■ Exercise prompt: Return each line of the data below verbatim; pictures are to be left out.

■ Raw data:
# # # # # # #
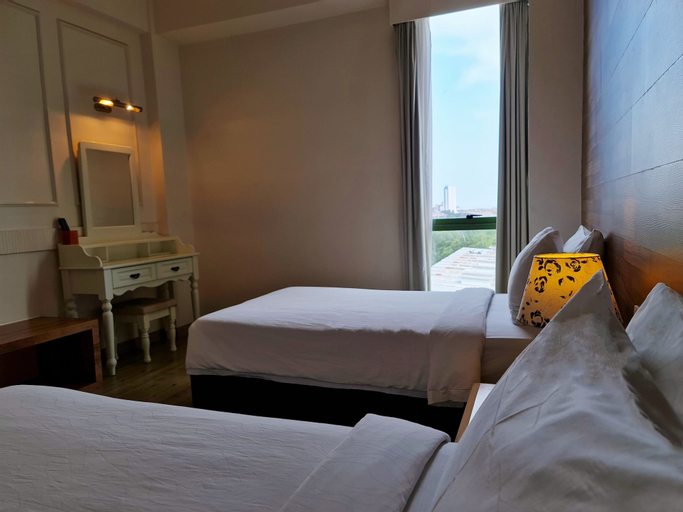 Bedroom 5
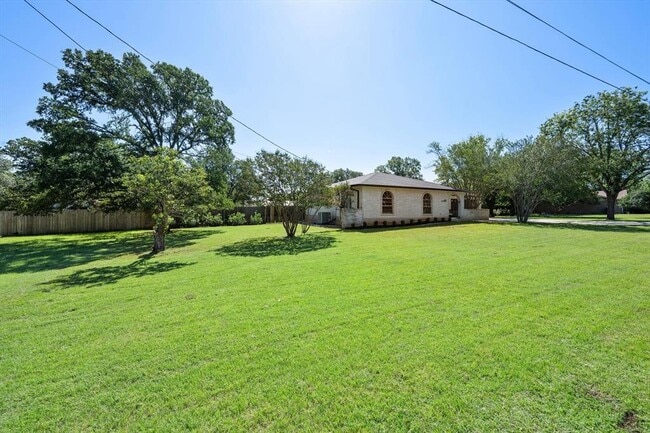 Building Photo - 109 Woodland Rd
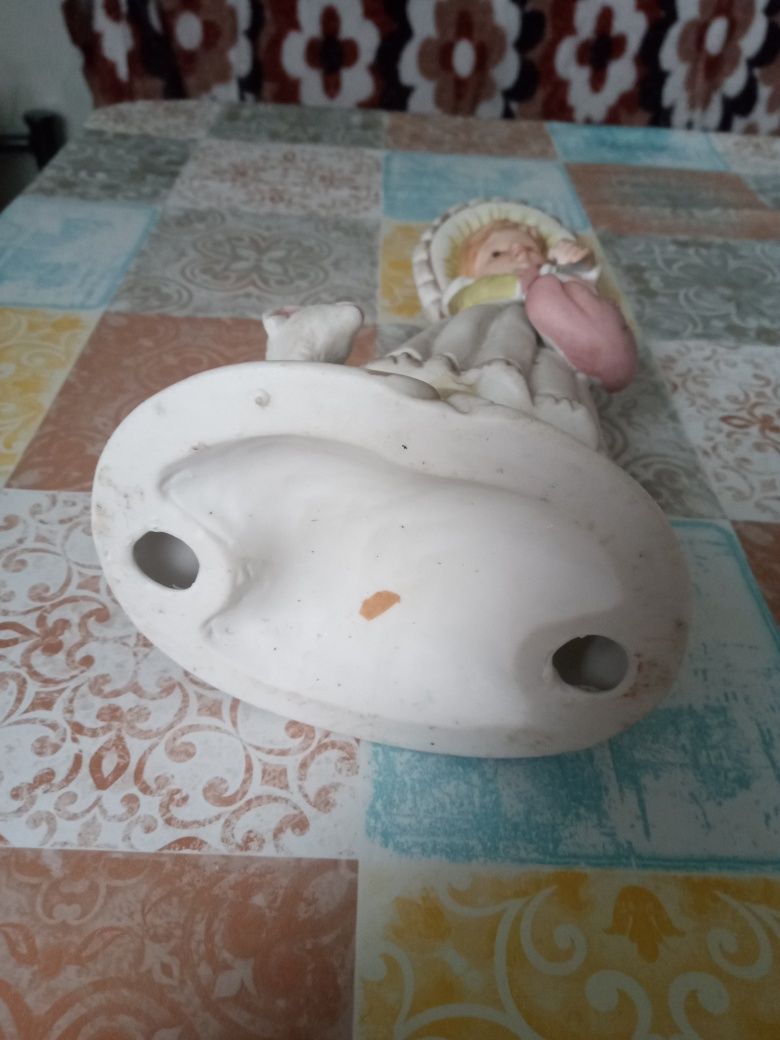 Figurka dziewczynki z owieczką porcelana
# # # # # # #
■ Answer space:
 Bedroom 5
 Building Photo - 109 Woodland Rd
 Figurka dziewczynki z owieczką porcelana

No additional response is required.